Wednesday, November 06, 2013

Street Fight 3

Jason Henderson's elaborate, book-length polemic against cars in Street Fight not only misrepresents events in San Francisco, it often gets facts wrong. 

In the introduction Henderson claims that San Francisco "should probably be emulated by other cities in terms of addressing GHG emissions, energy policy and social concerns related to mobility." "Probably"? He cites the MTA's 2010 Transportation Fact Sheet that "thirty percent of San Francisco households are car-free" (page 9), even though that document clearly says that only 20% of city households are car-free.[Later: As a commenter pointed out, I'm wrong about this. Henderson was looking at an earlier Fact Sheet, and I was looking at the current Fact Sheet, which says only 20% of city households are car-free.]

And some fakery: "While less than 10 percent of all daily trips in the United States are by walking and bicycling, in San Francisco 20 percent of all daily trips are taken by these nonmotorized modes" (page 10). By combining walking trips in the city (17%)---skateboarding is included in the walking tally!---with trips by bike (3.4%), Henderson puffs up the significance of bikes (See page 5 of the MTA's 2011 Mode Share Survey for these numbers). 

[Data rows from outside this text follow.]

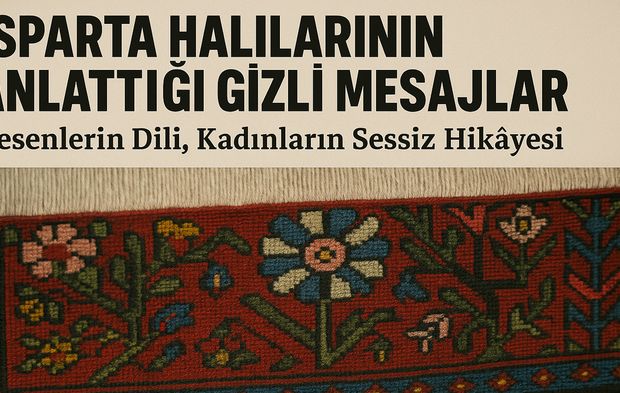 Isparta Halılarının Anlattığı Gizli Mesajlar!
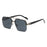 Fashion Men And Women Couple Glasses Frameless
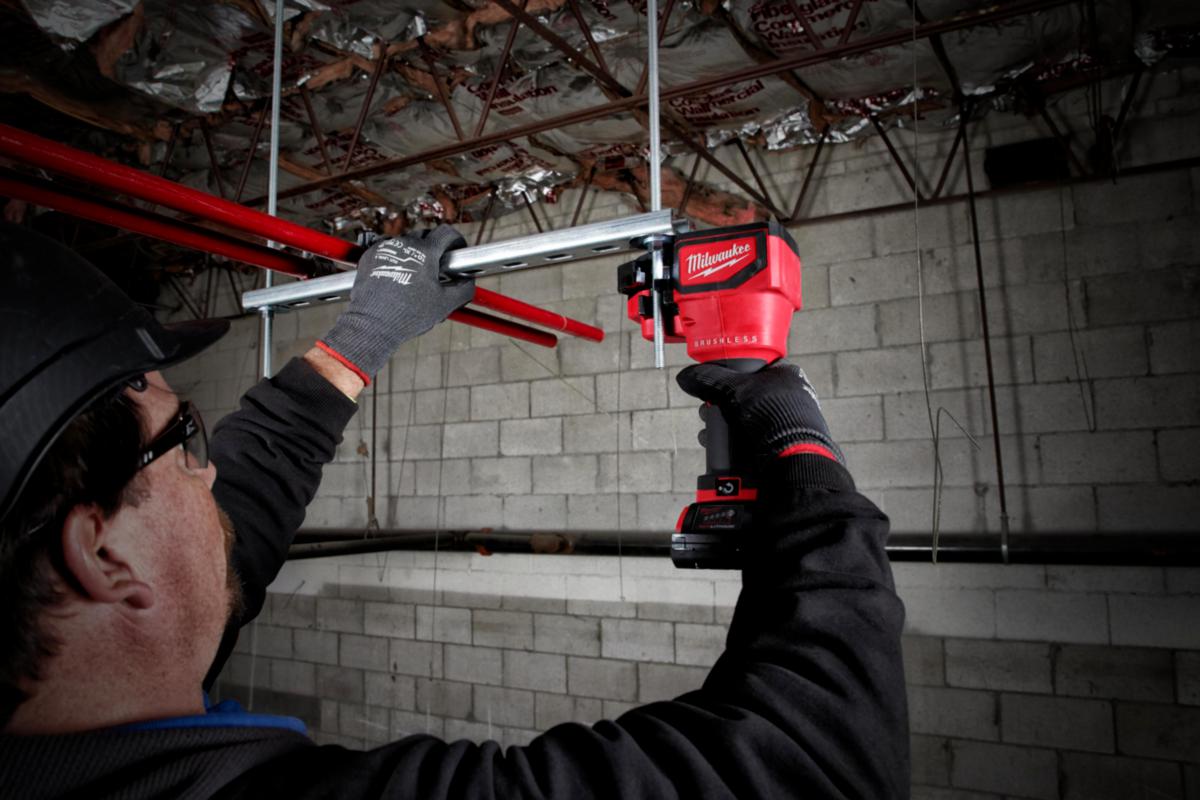 Gjengestagklipper Milwaukee M18 BLTRC522X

"While federal estimates are that 1 percent of all trips[in the US] are by bike, bicycling for daily travel increased in San Francisco from roughly 1 percent of trips in 2000 to 6 percent of all trips by 2009" (page 10). Not so. The latest figure for bike trips is 3.4% of all trips in the city, not 6% (see page 5 of the 2011 Mode Share Survey). Henderson cites the MTA's 2011 Climate Action Strategy for the 6% claim, but I can only find 1% in 2007 in that document (page 19).

Then fakery on the numbers morphs into outright bullshit when Henderson refers to the Planning Department's Better Neighborhoods plan as part of 

an ambitious urban  planning effort called Better Neighborhoods. The project re-zoned large swaths of former industrial areas for intensive residential and commercial infill development centered on transit and walkability and have  new zoning rules that restrict the amount of new parking made available to residents and visitors (page 11).

Henderson is a chairman of the Market/Octavia Community Advisory Committee, so he knows that the area that makes up the Market/Octavia Plan---part of the Better Neighborhoods project, though it's not a neighborhood---is not a "former industrial area" but instead an already densely-populated part of the city that the Orwellian-named Better Neighborhoods Plan has tagged for more dense development---eliminating backyards, set-backs, allowing higher buildings, and, as he notes, restricting parking for the new housing units.[Later: I should have included this Market/Octavia Plan map showing the location  of all the 20-, 30-, and 40-story highrises planned for the Market and Van Ness area.]  

Limiting parking for the thousands of new housing units is why the Bicycle Coalition likes the M/O Plan, but that's only one reason developers love it. No backyards, no set-backs from sidewalks, and limited parking make housing projects much more profitable for developers, as if they need incentives to build in San Francisco.

And the M/O Plan provides no money for an already crowded Muni to deal with the 10,000 new residents it will bring to the middle of San Francisco.

Henderson almost gets a grip on the problems with the dense development theory as it's being applied in San Francisco:

San Francisco's built environment is the concept of livability overlaid by continued high rates of automobile ownership, and this makes San Francisco a trial run of how livability may or may not unfold in other places (page 14).

This is the paradox that people like Henderson don't seem to accept: people who live here---and many who want to live here---think San Francisco is just fine the way it is without all the "improvements" that carpetbaggers like Henderson, the MTA, and the bike lobby are determined to foist on the neighborhoods. 

What's going to "unfold" with the dumb Smart Growth, transit-oriented development, anti-car policies? Make traffic a lot worse than it has to be on behalf a small minority of cyclists by taking away traffic lanes and street parking to make bike lanes---even as the city restricts parking in new housing developments! 

Hard to see how that will enhance the city's "livability." Especially when you consider that 80-90% of home buyers in SF want parking.